本屋で同じ本に手を伸ばして手と手が触れ合った男女は恋愛に発展しないわけがないように、何においても「出会い方」は今後その人の印象を大きく左右する大事なものだと思う。
ロマンスではないが、今回は出会い方が上手くいかなかった事を書いてみたい。
大阪市内のモールでやっていた「バンクシー展」に行ってきた。
バンクシーとは匿名で活動する有名な絵描きで、大量消費や格差社会など、社会問題を皮肉った内容の絵を町の壁などに描きつけている人物らしい。
一種のカリスマのような扱いなのだろうか。展覧会の看板に「彼は天才か、反逆者か」なる煽り文句がついており、来場者は若者が多かったように思う。
バンクシーについてほとんど知らず、名前を聞いた事がある程度だった私は、展示されていたほとんどの作品を初めて見たのだが、多くの作品にユーモアと皮肉があり、好感触を持ったものも複数ある。
暴徒が火炎瓶の代わりに花束を投げている絵(有名なようだ)などは、特に小気味良かった。
一方で多くの作品が、「悪者」のアイコンを設定してこき下ろす内容だったのは、個人的に好ましく映らなかった。
例えば弱者を押さえつける権力の象徴として警察官や兵隊、
富を貪る資本主義の象徴としてディズニーやマクドナルドがやり玉に挙がっていたりする。
これらのアイコンが露悪的でまぬけに描かれている、いかにもな風刺画といった作品群に関して私はどうにも、作者が気に入らない対象を頭ごなしに否定しているような印象を抱く。
総合して、私はバンクシーを好きになれなかった。
改めてバンクシーの絵を気に入らなかった原因を考えてみた時、バンクシーは風刺をやるには権威を持ちすぎていたからだと思った。
そもそも私は風刺という文化を問題提起のツールとして見た場合、程度の低いものだと考える。
自分が取り組むには荷が勝つ問題を、まるで無責任な立場から好き勝手に、問題の末端部分だけを茶化すというのは、いうなれば負け犬の遠吠え的な弱者の発想であると思うのだ。

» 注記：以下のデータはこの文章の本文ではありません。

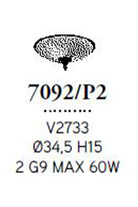 Atene Plafonyer V2733 - 2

表現の方法はともかく、行動の内容は匿名掲示板に書かれた程度の低い、短絡的な政治批判なんかと同じようなものではないか。
であるので、本来風刺というものは高く評価されるものではない。
権威のない場で発表され、流し見してクスリと笑えれば上々のものである。
もし私がバンクシーを見たのが路地裏の壁だったり、3流雑誌の1ページであったりしたなら、違う印象を抱いていたかもしれない。
だが展覧会でバンクシーは体制に反逆する無頼漢だ、とか、社会を痛烈に斬るカリスマだ、といった持ち上げ方をされていた。実際の彼のスタンスは解らないが、そんな紹介文の横で額縁に入って綺麗に並べられた作品は、私にはひどく傲慢なものに映ったのだ。
例えば、先の例に出した社会の負け犬たちがたむろするネット掲示板の書き込みなどは、
「日本は本当に腐ってるよな、悪いのはひとえに政治家の怠慢だよ。」など無責任に誰かをこき下ろした後、
「まあ俺は働いてないからそれ以上に怠慢なんだけどね。」みたいな結びを入れたりする奴がいる。
そういった無力さの自覚というか、ある種の卑屈さ、漫才でいう「誰が言うてんねん」待ちのスタンスが感じられれば、私はバンクシーを好きになれていたかもしれない。